More precisely, an exponent of 2 (as in kg/m^2) assumes that the width and the depth of the human body only scale with the square-root of the height, rather than proportional to height. To put some numbers to it, increasing the height by 10% would only increase the width of the shoulders, and the distance between the pecs and the shoulder blades, by 5% each.

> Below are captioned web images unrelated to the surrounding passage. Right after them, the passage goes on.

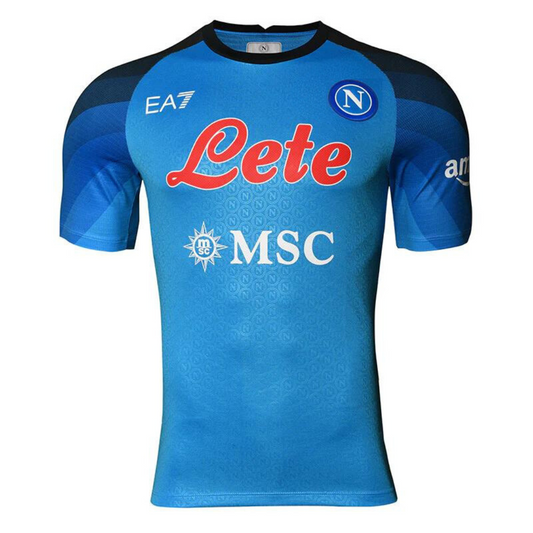 CAMISETA NAPOLI HOME 2022/23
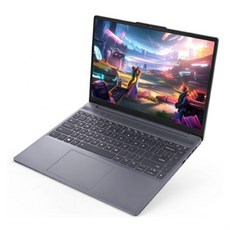 레노버 2024 요가 프로 7 14AHP9 라이젠7 라이젠 8000 시리즈 지포스 RTX 3050, Luna Grey, 1TB, 16GB, Free DOS, 83E30009KR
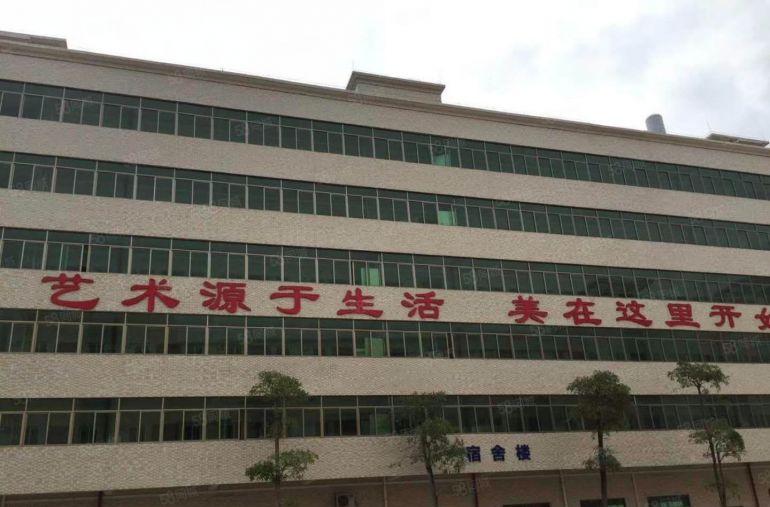 靓小金口新出独院厂房1至5楼10700平米招租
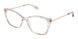 Fysh F3677 Eyeglasses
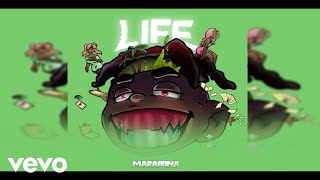 Maradona  Life Official Audio [upl. by Adok]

As a consequence the taller individual has proportionally narrower shoulders, and a proportionally less “deep” body. Is this true? According to Wikipedia it is, albeit with a bigger coefficient (between 2.2 and 2.7) meaning that the impact is less pronounced.

So does this mean BMI is wrong, but if we use kg/m^2.5 we are alright? Well, no. We might be slightly better, but if you look at the picture above we go from catastrophically wrong to utterly wrong. 2.5 might be the better choice if there is no other choice – ie when looking at a population where BF% is not available – but there is no excuse to use BMI on an individual.

Or to put it slightly different for every health care professional who still does not understand it (some of my otherwise very intelligent doctors for example): Obese is really just a fancy term for fat, as in a certain individual has too much body fat. The correct measure for this is [another drumroll] body-fat-percentage – to use some straw-man numbers 0-5%BF is too lean, 5-10% is lean, 10-20% is normal (albeit potentially on the fat side), and 20% is obese. BF% can be measured very inexpensively, eg with Tanita scales, or some handheld devices, or a calliper (“pinch-an-inch”). BMI is a proxy for BF%, and a very bad one indeed, absolutely unsuitable for individuals, as has been already noted by the person who has introduced this very measure, and there is absolutely no excuse for using it in an individual assessment.